▶ _Required work_
Provide an exact copy of the data, excluding the images.

▶ _Raw data_
---

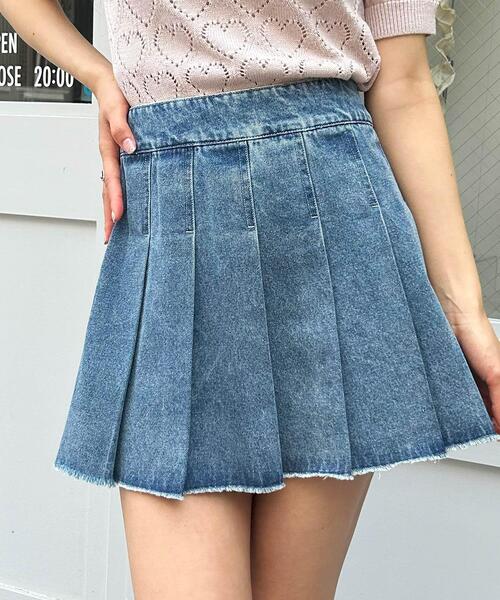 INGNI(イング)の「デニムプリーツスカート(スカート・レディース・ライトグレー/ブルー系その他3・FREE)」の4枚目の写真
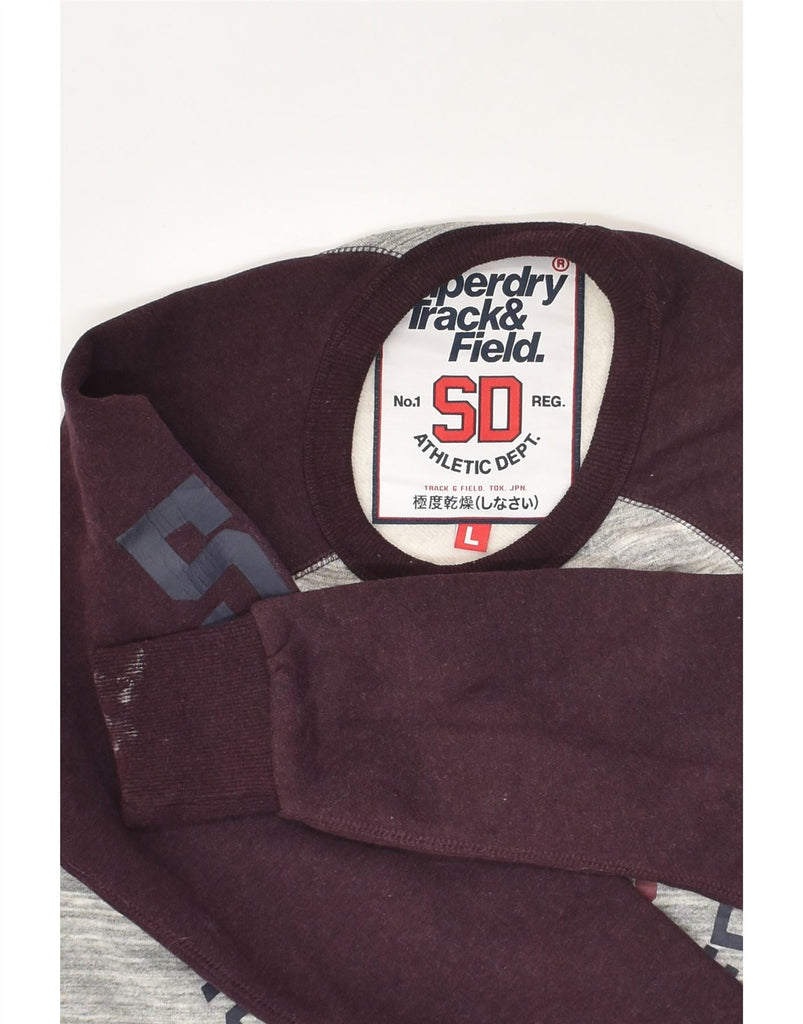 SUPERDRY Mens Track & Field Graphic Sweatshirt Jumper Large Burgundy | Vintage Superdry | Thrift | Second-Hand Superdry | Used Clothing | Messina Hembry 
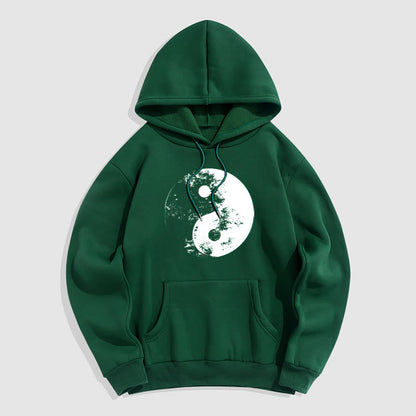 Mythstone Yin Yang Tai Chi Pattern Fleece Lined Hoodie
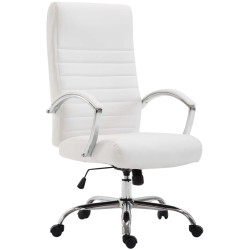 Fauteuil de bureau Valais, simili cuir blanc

---

▶ _Answer for the task_
 INGNI(イング)の「デニムプリーツスカート(スカート・レディース・ライトグレー/ブルー系その他3・FREE)」の4枚目の写真
 SUPERDRY Mens Track & Field Graphic Sweatshirt Jumper Large Burgundy | Vintage Superdry | Thrift | Second-Hand Superdry | Used Clothing | Messina Hembry 
 Mythstone Yin Yang Tai Chi Pattern Fleece Lined Hoodie
 Fauteuil de bureau Valais, simili cuir blanc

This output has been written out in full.